→ **Required work**
Only a verbatim restatement of the lines from the one with "Clover dining armchair" through the end of the listing below is wanted. Pictures should be left out.

→ **Data**
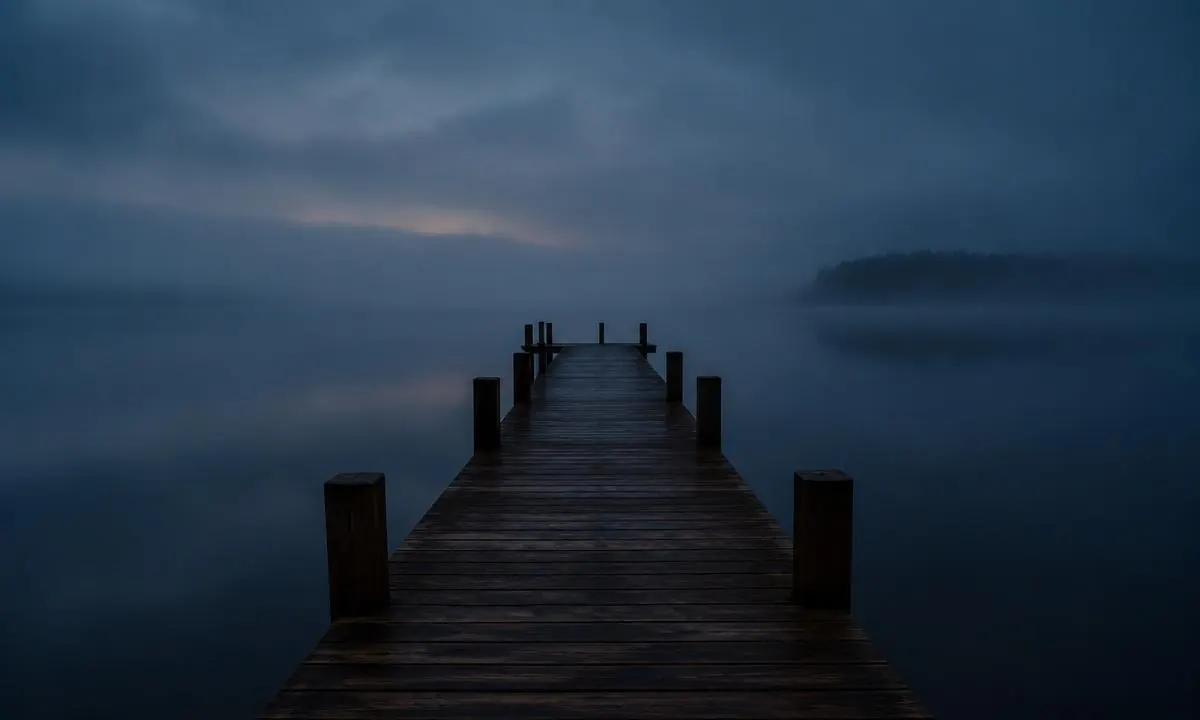 Holzsteg, der in der blauen Dämmerung auf einen nebeligen See hinausführt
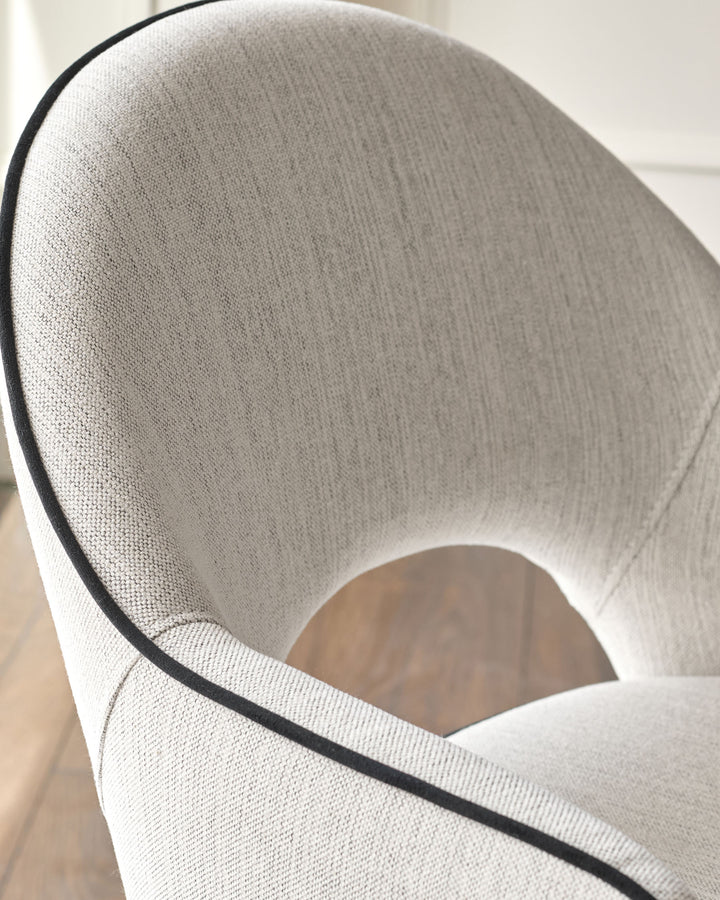 Clover dining armchair in ivory fabric, angled side view showing curved backrest and black trim detail.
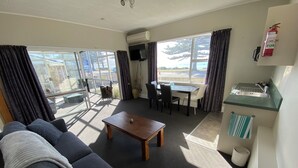 Uma sala de estar moderna com sofá, mesa de centro e área de jantar com cadeiras e mesa. Há uma janela com cortinas, um extintor de incêndio e uma pia pequena.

→ **Output for this task**
 Clover dining armchair in ivory fabric, angled side view showing curved backrest and black trim detail.
 Uma sala de estar moderna com sofá, mesa de centro e área de jantar com cadeiras e mesa. Há uma janela com cortinas, um extintor de incêndio e uma pia pequena.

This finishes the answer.